Но сейчас, когда с тех пор, как мы сидели втроем в том кафе, прошло уже ни мало ни много четверть века, отыскав и перечитав этот старый стишок, я подумал о нем теми самыми словами, которыми тот, чей «набальзамированный труп» по сей день лежит в Мавзолее, высказался о понравившемся ему стихотворении Маяковского: «Не знаю, как насчет поэзии, а насчет политики ручаюсь, что это совершенно правильно».
Знакомил меня Булат
и с какими-то другими парижскими русскими. Но ни разу – ни он, ни я – не вспомнили о том, к кому, казалось, должны были бы кинуться сразу, в самую первую очередь: о Володе Максимове. Ведь что бы там ни было, с ним у меня было съедено куда больше пудов соли, чем с Фимой Эткиндом или даже с Синявскими. Ну а уж с Булатом Володя был связан узами самой тесной и нежной дружбы.
Но о том, чтобы встретиться с ним, – а тем более о том, чтобы с ним захотел встречаться Булат, – не могло быть даже и речи.
За год или, может быть, за два
до этого нашего приезда в Париж Булат однажды сказал мне:
– Ты не слыхал? Володька Максимов написал про меня в «Континенте», что я – агент КГБ.
Я прямо задохнулся:
– Не может быть!
– Да, да, представь, так прямо и написал. И напечатал.
Лицо Булата, когда он сделал мне это сообщение, было бесстрастно. Но это показное безразличие меня не обмануло: чудовищная выходка бывшего друга наверняка больно его задела.
Ну а уж обо мне и говорить нечего: в отличие от Булата, мне никогда не удавалось сохранять хотя бы видимость бесстрастия.
Я знал, что Максимов – там, в Париже, – уже кого только не обвинял в связях с «Галиной Борисовной» (так ласково мы меж собой именовали нашу гэбуху).
Но кинуть такое обвинение Булату!.. Булату, которого он знал – ближе некуда!..
Вот почему мне и в голову не пришло, что надо бы все-таки встретиться со старым товарищем, коли уж представился шанс еще раз увидеться с ним в этой жизни.
Каково же было мое изумление, когда на следующий день – уже ближе к вечеру, весь день он где-то пропадал – Булат безмятежно, как о чем-то само собой разумеющемся, сказал мне:
– Я сегодня был у Володьки.
– Какого Володьки? – даже не сразу сообразил я.
– Максимова.
– Позволь!.. Но ведь ты… Но ведь он тебя…
– А-а, – так же безмятежно отреагировал Булат. – Ты про это?.. Ну, знаешь… Я его простил…

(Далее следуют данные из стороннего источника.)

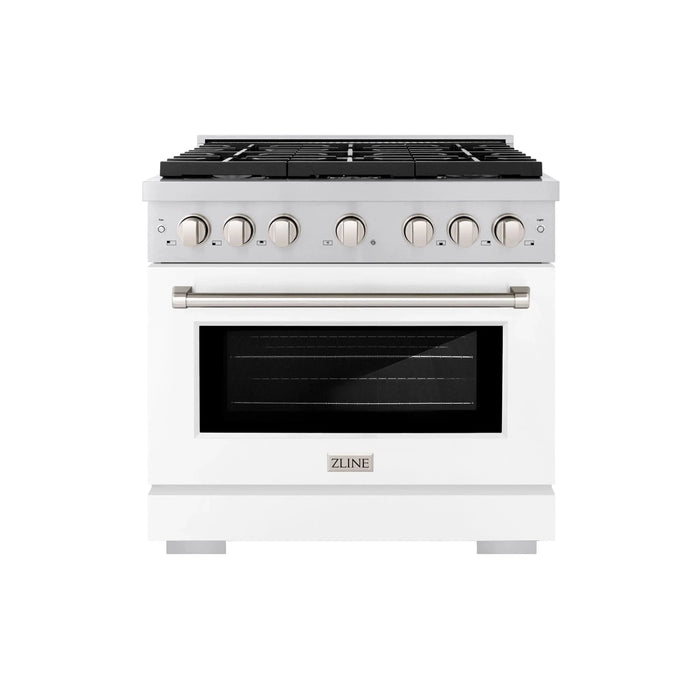 ZLINE 36"Paramount Dual Fuel Range Stainless Steel, White Matte, SDR-WM-3609K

Булат, как я уже не раз говорил, был человек закрытый. И я так и не понял, насколько искренним было это его прощение. Кто его знает, может быть, он просто делает вид, что оскорбление, нанесенное ему бывшим другом, не так уж глубоко его задело…
Но я бы так не мог.
Ни за что! Ни при какой погоде!
«Я жид по натуре и с филистимлянами за одним столом есть не могу», – однажды сказал о себе Виссарион Григорьевич Белинский.
Значит, я не в такой уж плохой компании.
Хотя теперь, кажется, эта компания считается плохой…

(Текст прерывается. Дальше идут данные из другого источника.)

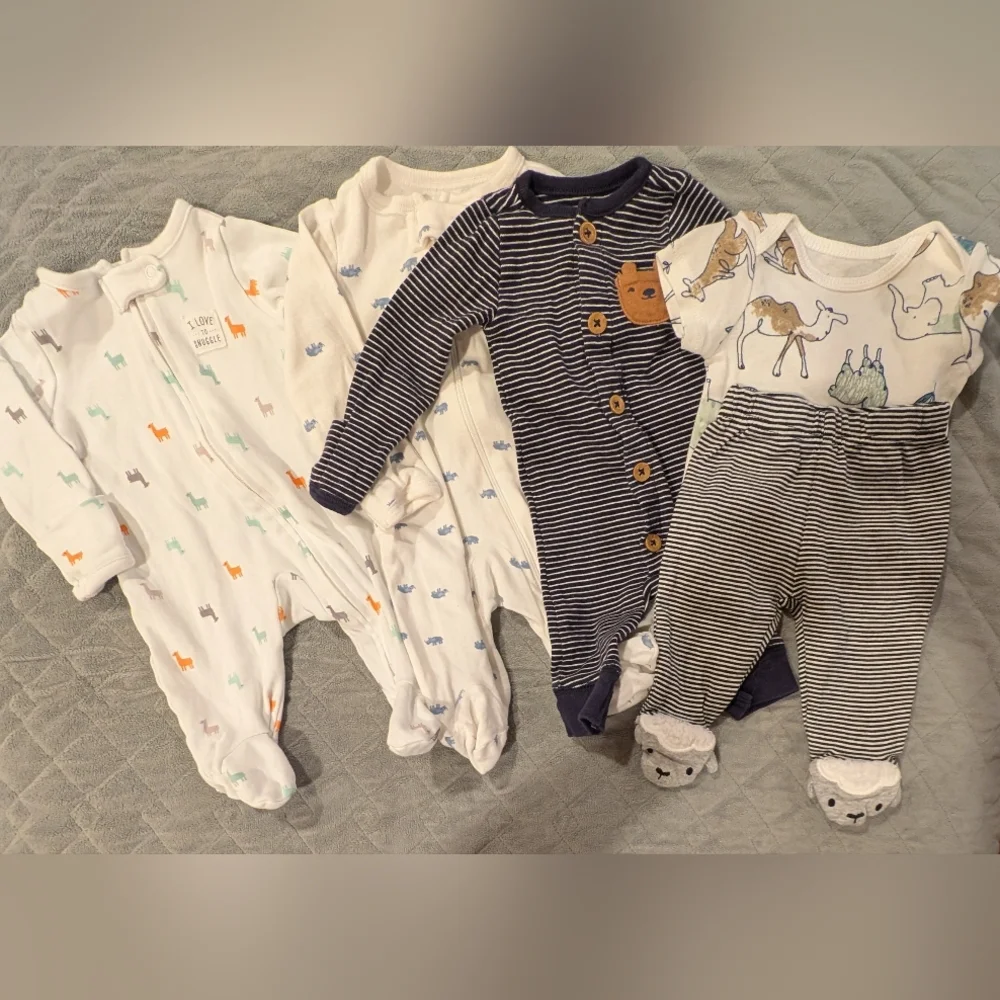 NB Striped and Animal Print Kids One Piece Set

Вспомнилось: зашел я как-то с сыном
в большой книжный магазин на Кузнецком. На стенах там красовались портреты всех корифеев отечественной словесности: Пушкин… Гоголь… Тургенев… Гончаров… Толстой… Чехов… Горький…

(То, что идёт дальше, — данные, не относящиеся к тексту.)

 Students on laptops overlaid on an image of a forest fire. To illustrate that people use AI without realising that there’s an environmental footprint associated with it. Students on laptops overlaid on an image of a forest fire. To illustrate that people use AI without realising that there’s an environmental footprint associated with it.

Сыну было тогда лет четырнадцать, и в то время он меньше всего интересовался классической русской литературой. Тем не менее, оглядев висящие на стенах портреты классиков, он узнал почти всех.
Неузнанным остался только один – Виссарион Григорьевич Белинский.
– А это кто? – толкнул он меня, показывая на портрет великого критика.
Я сказал:
– Белинский.
– А-а, – кивнул он. – Сумасшедший Виссарион…
Я не мог удержаться от смеха, услыхав, как трансформировалось в голове бедного моего нерадивого школьника прозвище «неистового Виссариона».
В те времена, когда моему сыну было четырнадцать, авторитет Белинского был еще сравнительно высок. Хотя уже приходилось слышать, что в знаменитом его споре с Гоголем прав был не он, а Гоголь.
Ну а теперь уже почти общим местом стало убеждение, что Белинский был чуть ли не злым гением великой русской литературы.
Не входя в существо этого спора (здесь и сейчас – не время и не место), могу сказать только одно: по части «жидовской» нетерпимости я и сегодня остаюсь с «сумасшедшим Виссарионом».